今では米国から世界85カ国への送金体制を整え、金融危機下でも月間10万件の取り扱いを目指す勢い。昨年末、米有力経済誌フォーチュンとマサチューセッツ工科大学が貧困削減の技術振興を目的に創設した「レガタム・フォーチュン技術賞」の第1回受賞者に選ばれた。JBpressは一時帰国した枋迫MFIC社長にインタビューを行い、「革命第2幕」戦略や日本進出の可能性などを聞いた。
JBpress 国際送金の手数料を大幅に引き下げ、金融界で「価格革命」を起こした。革命の第2幕をどう描いているのか。
枋迫氏 1つは、米流通業界のPOS(販売時点情報管理)ネットワークを活用すること。自前で店舗を開いて顧客を探す現行モデルに加え、利便性の高い既存のインフラで送金処理を追求する。2つ目は携帯電話のショート・メッセージ・システム(SMS)で、送金を受け付けるようにする。その次が、ウェブ上でのサービス提供になる。(パソコンを持つ移民であれば)既に銀行サービスを受けている人が多いから、そうなれば取引件数は爆発的に伸びるだろう。
既存の銀行は中間層以上、人口構成では上から4分の1までにしか、満足なサービスを提供できていない。その発想では、「金融イノベーション」とか色々言って商品開発をしようとしても、上の層を見た開発しかできない。そもそも、下へ行くためのノウハウがない。銀行が相手にしない顧客層に対し、テクノロジーを使って良いサービスを提供すれば、取り込みが可能になる。だから、私たちのビジネスでは、ボトムラインの基本インフラを押さえることが絶対に重要だ。
――MFICは金融危機の影響を受けていないのか。
枋迫氏 金融恐慌とかパニックとか言われる中、過剰流動性を抱えて何かに投資しないといけないマネーゲームのプレーヤーは、一旦おかしくなると全部止まってしまう。

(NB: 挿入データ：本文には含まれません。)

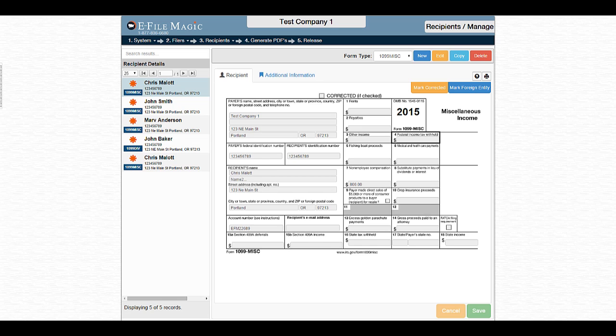Hello and welcome to this video on generating a Form Totals report out of the eFileMagic web application. Often times it is necessary for validation purposes to review the totals that are associated with individual boxes on specific forms within the eFileMagic web application for validation purposes.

一方、昨年9~10月の当社のビジネスは60パーセントも伸びた。必要なサービスであれば、どんなことが起きようとも、絶対に実需は落ちない。食料品や飲料水の購入を省けないのと同様、移民相手のファイナンスも生活に不可欠な基本的なサービスだ。逆にこういうパニックになると、送金手数料が1ドルでも安いものを皆が探し始める。ボトムラインのインフラで良いものさえ揃えれば、景気の良し悪しに関わらず、必ず需要は生じてくる。
――送金の扱い件数はどれぐらいか。
枋迫氏 昨年1月は月間1.2万件だったが、6月には4.5万件まで増え、現在は6.5万件に達した。10万件というターゲットをクリアできれば、次のステップへの弾みがつく。
――米国から何カ国に送金可能か。
枋迫氏 システム的に展開可能という意味では85カ国。作業中なのが20カ国ある。現在、アフリカ向けプロジェクトに注力しており、実現すれば48カ国約3000拠点が加わり、業界ネットワークとしては最大級に近くなる。
――送金手数料の体系は。
枋迫氏 基本的に全世界共通の値段にするから、米国からアフリカへ3000ドル送る場合でも手数料は20ドル。送金専門業者は(少額送金の場合)15%も手数料を取り、3000ドル送るには300ドル程度かかっているはずだ。